Dealing With Those Pesky Threshold Guardians. The Demon Of Self Doubt
by Mike Johnson
You might have seen them as lions or griffin-like creatures that guard the entranceway to temples and churches.
The idea is that they are there to guard the inner sanctum from those impure of spirit and of evil intentions. Or they might be there to guard some precious secret from discovery. Whatever, they are there to test your mettle. For writers at least, they take the form of insidious doubt, and a constant wearing away at your self-esteem. If you have any doubts that you are shit, and that your writing is shit, then just look at your last sentence!
I don’t know too many writers pure of spirit, but one way or another, these threshold guardians have to be dealt with, overcome or avoided by stealth.
These threshold guardians are, of course, a personification or dramatisation of internal forces. Or should I say, internalised forces. Those negative voices, we don’t have the cruelty to invent them, our ears heard them, at some stage:
You can’t write to save yourself! Nobody’s going to care about this shit you write anyway. You can’t even write a sentence with out fucking it up. Who do you think you are? You will never write anything worth writing, so why don’t you just give up and go and get drunk!
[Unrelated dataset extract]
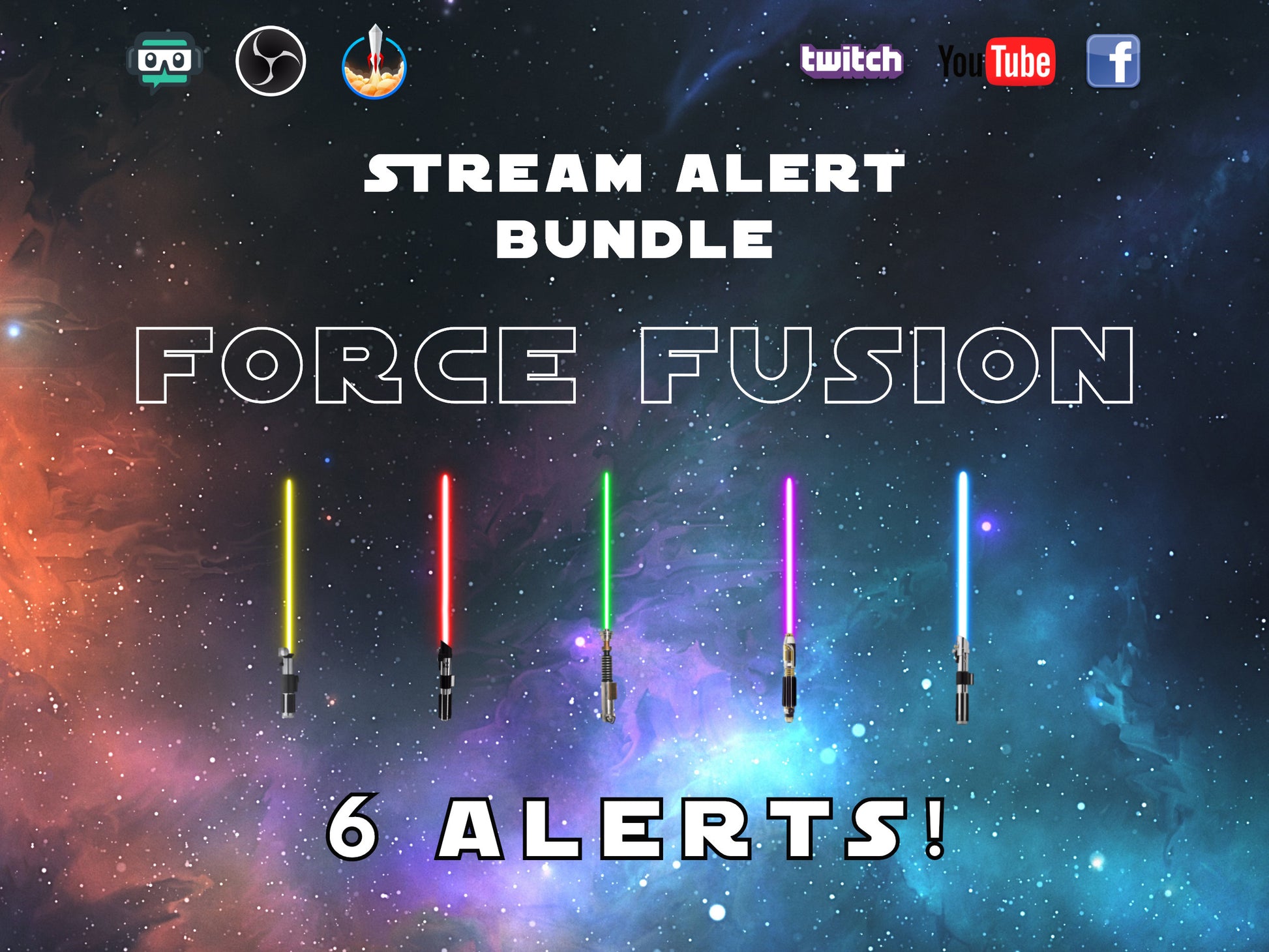 Force Fusion Stream Alert Bundle - SIX Lightsaber Animated Overlays with Transparent Background - Full Screen 1920x1080 - Instant Download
I hate to say this, but in the end you can make friends with your inner critic, and you don’t even have to get drunk to do it. That inner critic can sometimes be right about a particular sentence or passage, you can learn from fair critique, and many writers say that they are their own most severe critic. But first that carping voice has to be put in its place. How you do this is up to you, but the rest of the journey is at stake. If you can’t put that insidious voice to rest it will continue to dog you, and its relentless prophesies regarding your general crapness will be self fulfilling.